Aux dernières élections législatives, les Polonais ont plébiscité un parti plutôt eurosceptique, le parti Droit et Justice (PiS). Auparavant, la majorité était détenue par le parti Plateforme Civique, un parti europhile. Comment expliquez-vous ce revirement politique ?
Vous savez, PiS n’est pas aussi eurosceptique que certains autres partis politiques européens. Ils sont en faveur du maintien de la Pologne dans l’Union européenne, mais voudraient limiter l’intégration du pays au sein de l’Union. Ils sont davantage en faveur d’une Europe de nations, où chaque Etat membre est un état souverain. Ils veulent rester dans l’UE, notamment parce que la Pologne bénéficie de fonds mais aussi en raison de son appartenance à la zone Schengen.
Jusqu’en juin prochain, la question du Brexit va être au centre de nombreuses discussions. Si le Royaume-Uni venait à quitter l’UE, qu’adviendrait-il de la Pologne ? Pourrait-elle suivre cette voie ?

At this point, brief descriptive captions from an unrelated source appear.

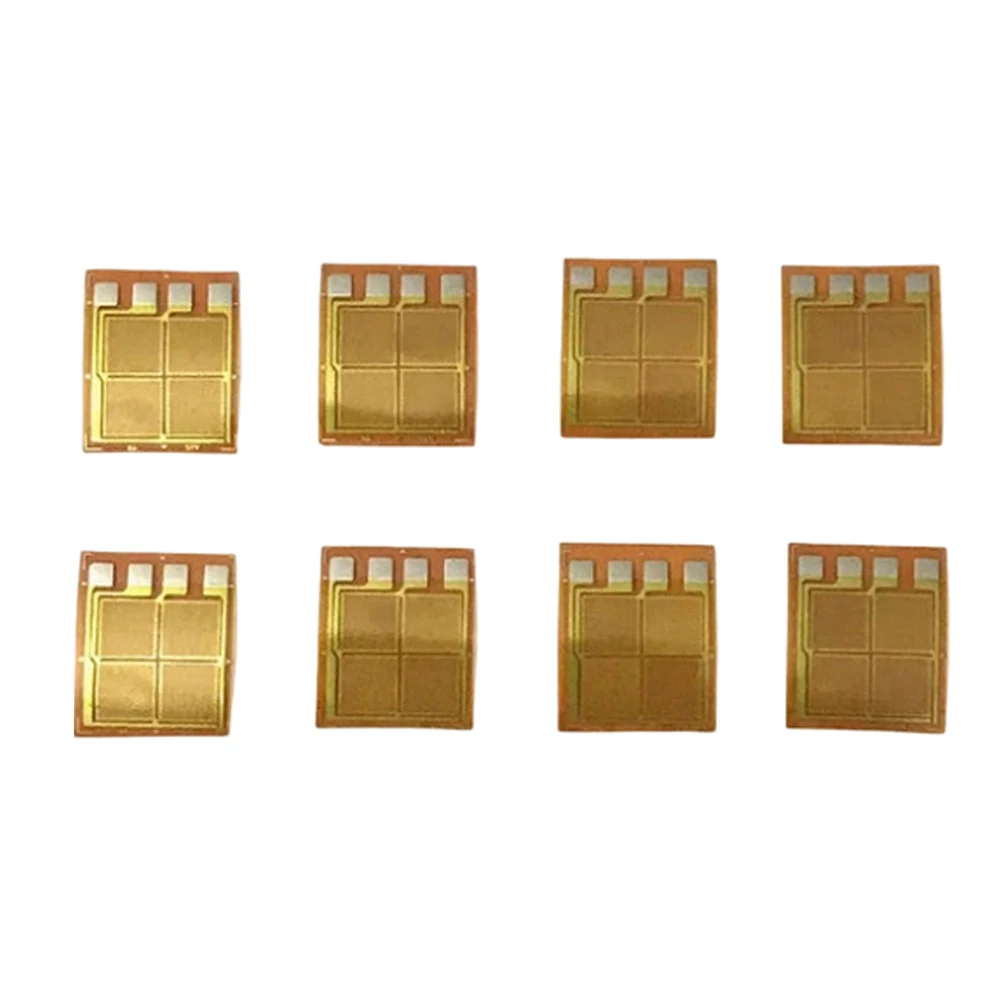 1000ohms EB Type Full Bridge Strain Gages Resin Metal Foil 350 Ohms Strain Gauge Sensor for High Accuracy Transducer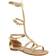 Ellie Girl's Miriam Gladiator Sandals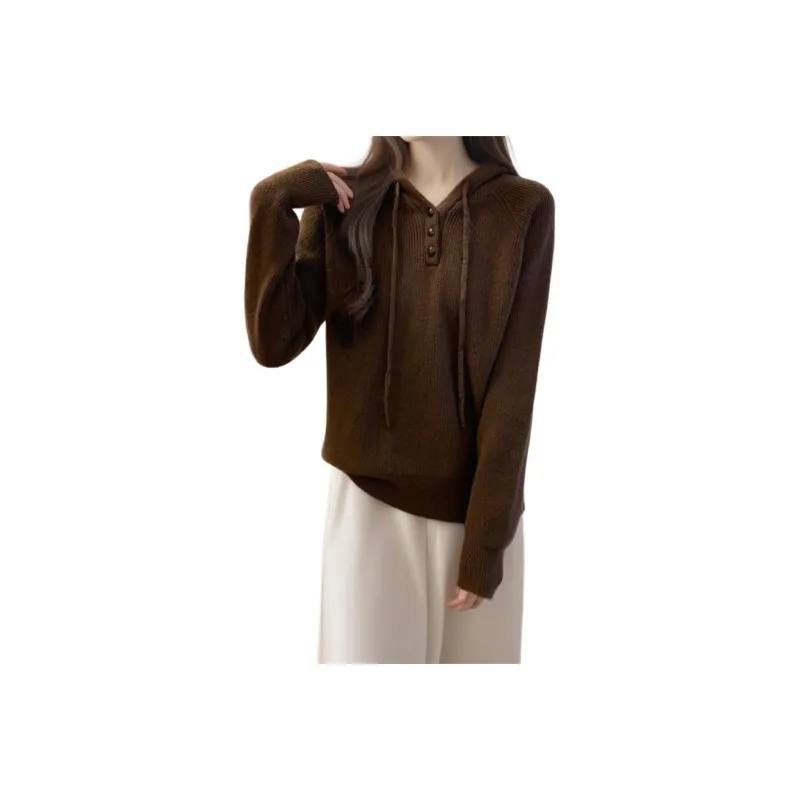 Oudifu Knitwear Women's-3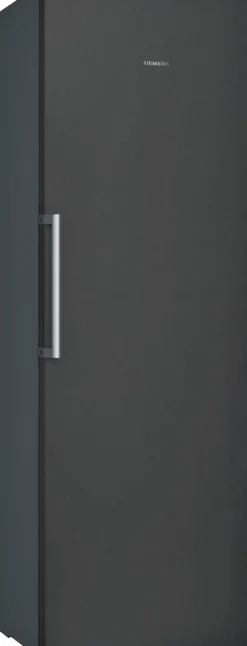 Kaappipakastin Siemens iQ300 GS36NVXEV 60cm, 242 l, musta teräs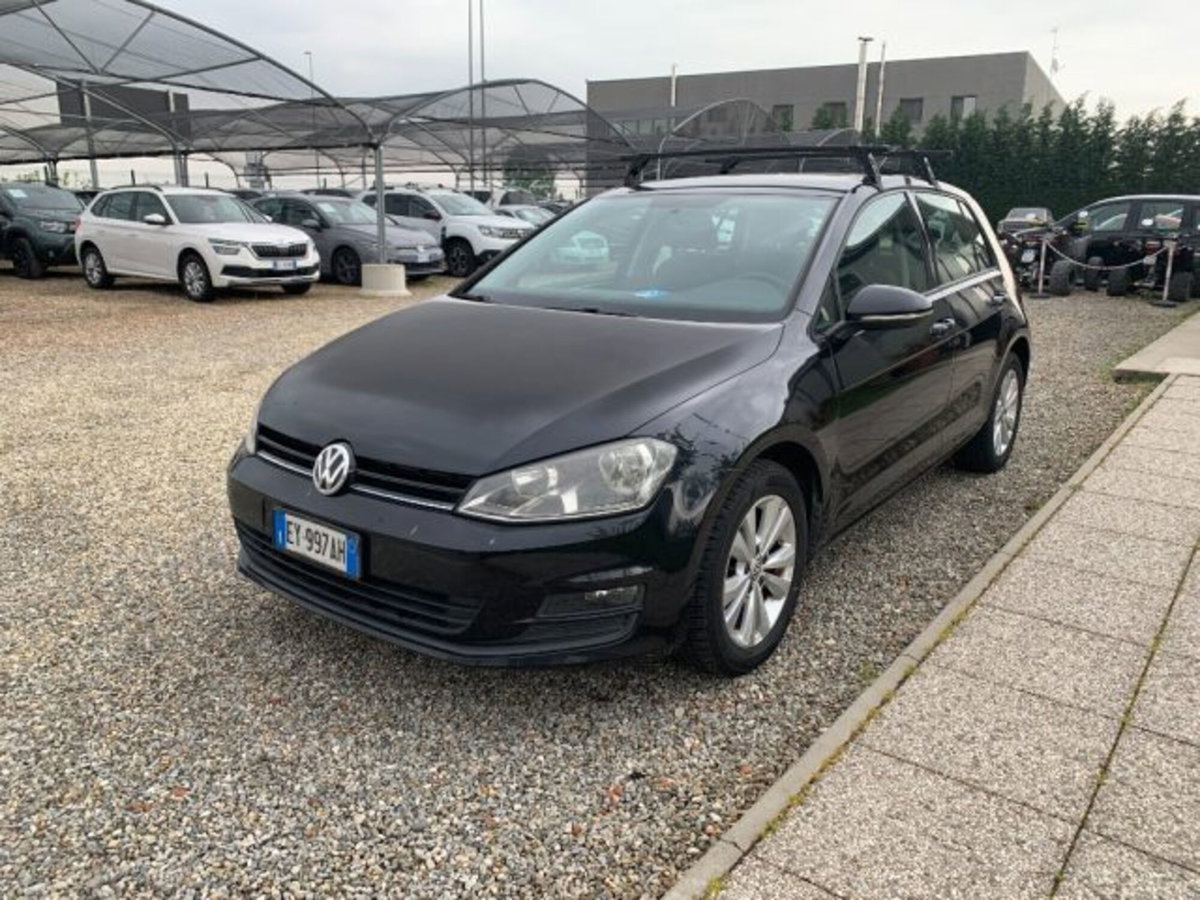 Volkswagen Golf 1.6 TDI 110 CV 5p. Comfortline BlueMotion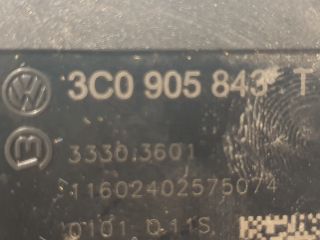 bontott VW PASSAT B6 Gyújtáskapcsoló Házzal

Non. Evidemment, je ne partage pas l’avis du parti au pouvoir en Pologne. PiS voudrait éloigner la Pologne de ce qu’ils appellent l’Europe mainstream, à savoir se distancier de pays comme la France ou l’Allemagne. Ce ne serait pas raisonnable, surtout avec Poutine de l’autre côté de la frontière. Par exemple, si nous voulons aider l’Ukraine, nous pouvons le faire avec l’aide de cette Europe mainstream. Ce ne serait pas possible avec [des pays comme la Hongrie et] Viktor Orban, qui est un ami de Poutine. Sortir de l’Europe n’est pas du tout à l’ordre du jour. Peu importe ce qui sera décidé au Royaume-Uni.

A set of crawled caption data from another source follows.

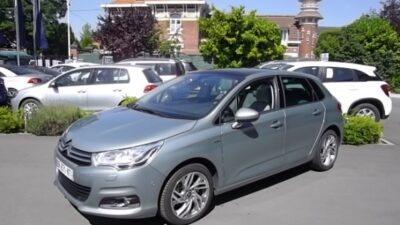 Citroen C4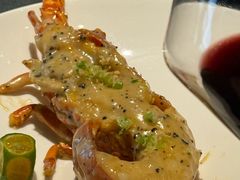 黑松露风范汁焗小青龙-翠府(翠湖北路店)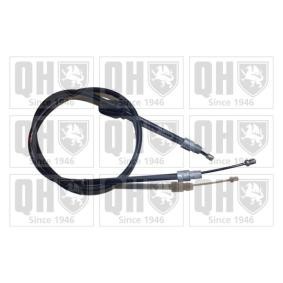 Comprar Cable de freno de mano de QUINTON HAZELL BC3878 a bajo precio de 21,84 €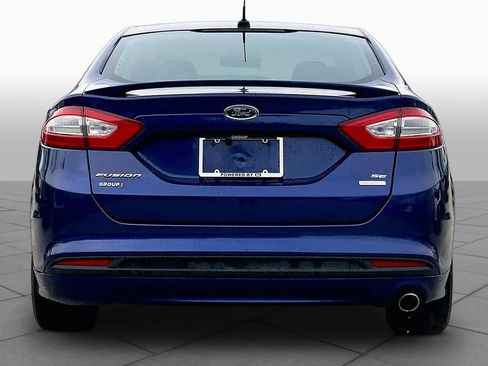 Used 2013 Ford Fusion SE FWD image 5
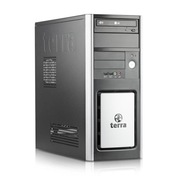 Komputer PC Intel Core i5-640 | 8GB RAM DDR3 | Obudowa Terra | Sprawny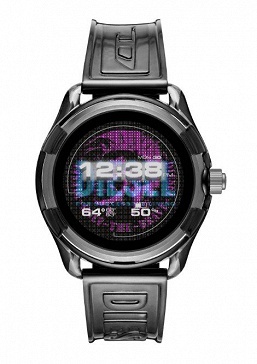 Diesel Fadelite &mdash; одни из самых необычных умных часов на рынке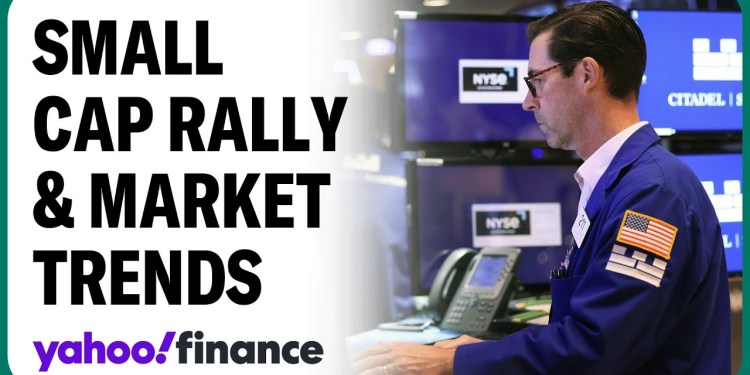 Small-cap is rally just a ‘hint’ of a broader market trend: Portfolio managers Small-cap is rally just a ‘hint’ of a broader market trend: Portfolio managers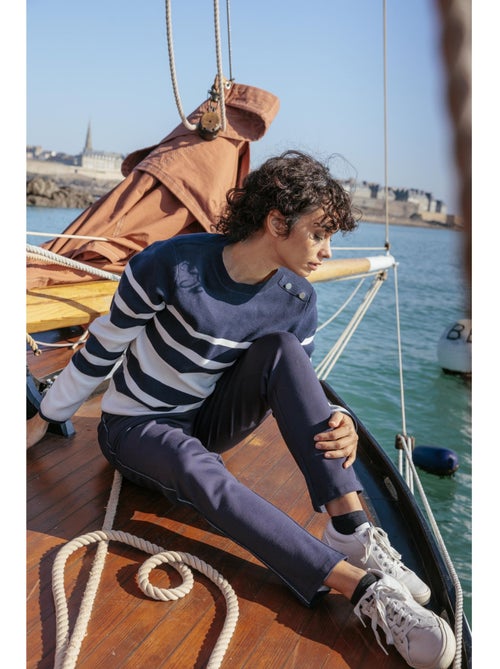 Pull marin - Terre de Marins - Kiabi Pull marin - Terre de Marins - Kiabi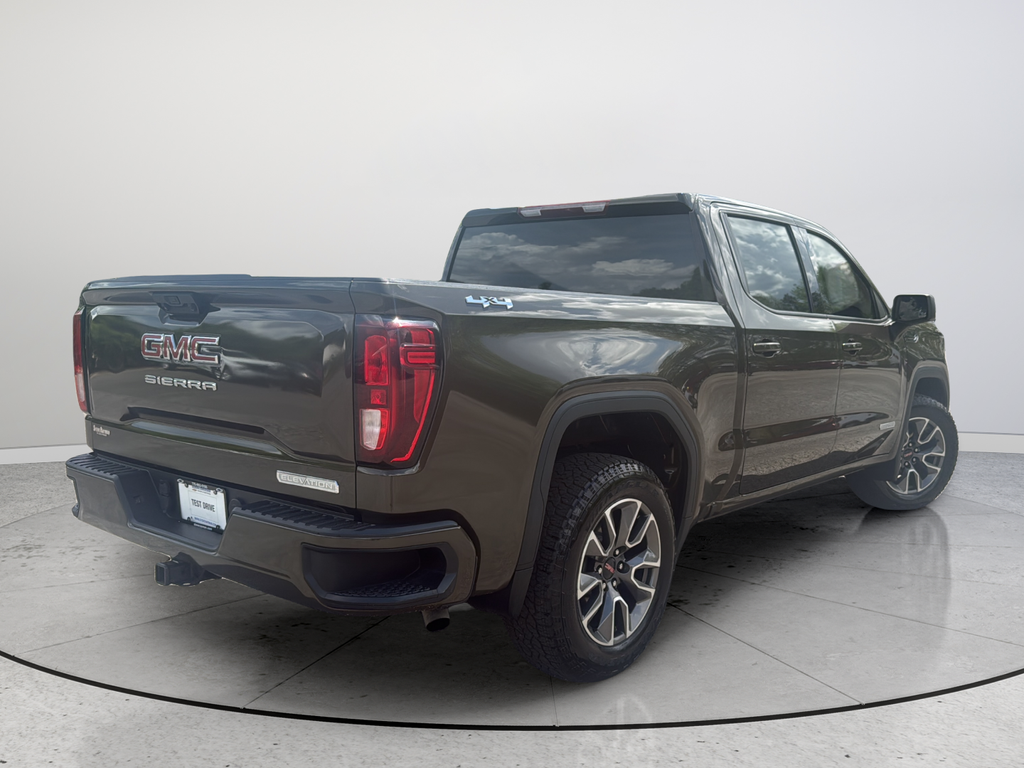 Used 2023 GMC Sierra 1500 Elevation 4D Crew Cab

Êtes-vous d’accord avec l’affirmation suivante : « interférer dans la gestion des médias est une menace pour leur indépendance et la démocratie » ?
Oui je suis tout à fait d’accord. Aujourd’hui, le problème en Pologne se pose au niveau des médias publics. Ils sont toujours puissants, en particulier la radio et la télévision, mais ils sont devenus des médias d’Etat, des médias au service d’un parti. Ils prétendent offrir une couverture indépendante de l’actualité, offrir un droit de réponse à l’opposition mais la sélection des sujets suit une ligne éditoriale pro-gouvernementale.
En observant la situation aujourd’hui en Pologne, comment imaginez-vous le pays dans quelques années ?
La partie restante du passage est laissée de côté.